◆ Assigned task
Among the lines below, a stretch begins at the one with "Funny Halloween Witch" and ends at the one with "别再盲目打工了！2026用A". Repeat that stretch exactly, ends included.

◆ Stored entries
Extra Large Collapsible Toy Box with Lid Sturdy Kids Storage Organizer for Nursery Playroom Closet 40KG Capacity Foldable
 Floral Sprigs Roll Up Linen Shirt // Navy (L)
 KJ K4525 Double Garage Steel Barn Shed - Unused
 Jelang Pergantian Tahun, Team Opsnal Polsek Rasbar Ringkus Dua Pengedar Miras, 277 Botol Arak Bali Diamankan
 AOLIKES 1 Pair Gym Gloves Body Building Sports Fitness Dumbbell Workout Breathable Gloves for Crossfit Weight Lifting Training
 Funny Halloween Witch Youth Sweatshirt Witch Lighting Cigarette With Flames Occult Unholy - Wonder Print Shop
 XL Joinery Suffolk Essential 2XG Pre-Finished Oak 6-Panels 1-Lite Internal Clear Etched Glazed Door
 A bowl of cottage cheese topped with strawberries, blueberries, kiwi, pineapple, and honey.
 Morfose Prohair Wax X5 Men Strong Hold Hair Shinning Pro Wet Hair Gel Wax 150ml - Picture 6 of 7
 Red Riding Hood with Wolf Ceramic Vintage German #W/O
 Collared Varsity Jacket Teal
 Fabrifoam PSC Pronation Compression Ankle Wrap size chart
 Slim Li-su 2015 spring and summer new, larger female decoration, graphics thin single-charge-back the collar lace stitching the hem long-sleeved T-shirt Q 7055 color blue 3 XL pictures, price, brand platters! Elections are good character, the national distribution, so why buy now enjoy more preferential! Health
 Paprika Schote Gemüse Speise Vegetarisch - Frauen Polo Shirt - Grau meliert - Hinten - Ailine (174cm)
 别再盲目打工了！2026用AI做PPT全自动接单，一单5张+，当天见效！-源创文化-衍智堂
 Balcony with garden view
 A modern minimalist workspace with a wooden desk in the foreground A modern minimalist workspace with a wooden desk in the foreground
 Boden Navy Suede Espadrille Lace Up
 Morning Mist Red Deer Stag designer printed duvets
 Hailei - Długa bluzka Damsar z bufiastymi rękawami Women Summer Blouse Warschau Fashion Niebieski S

◆ Solution to this task
 Funny Halloween Witch Youth Sweatshirt Witch Lighting Cigarette With Flames Occult Unholy - Wonder Print Shop
 XL Joinery Suffolk Essential 2XG Pre-Finished Oak 6-Panels 1-Lite Internal Clear Etched Glazed Door
 A bowl of cottage cheese topped with strawberries, blueberries, kiwi, pineapple, and honey.
 Morfose Prohair Wax X5 Men Strong Hold Hair Shinning Pro Wet Hair Gel Wax 150ml - Picture 6 of 7
 Red Riding Hood with Wolf Ceramic Vintage German #W/O
 Collared Varsity Jacket Teal
 Fabrifoam PSC Pronation Compression Ankle Wrap size chart
 Slim Li-su 2015 spring and summer new, larger female decoration, graphics thin single-charge-back the collar lace stitching the hem long-sleeved T-shirt Q 7055 color blue 3 XL pictures, price, brand platters! Elections are good character, the national distribution, so why buy now enjoy more preferential! Health
 Paprika Schote Gemüse Speise Vegetarisch - Frauen Polo Shirt - Grau meliert - Hinten - Ailine (174cm)
 别再盲目打工了！2026用AI做PPT全自动接单，一单5张+，当天见效！-源创文化-衍智堂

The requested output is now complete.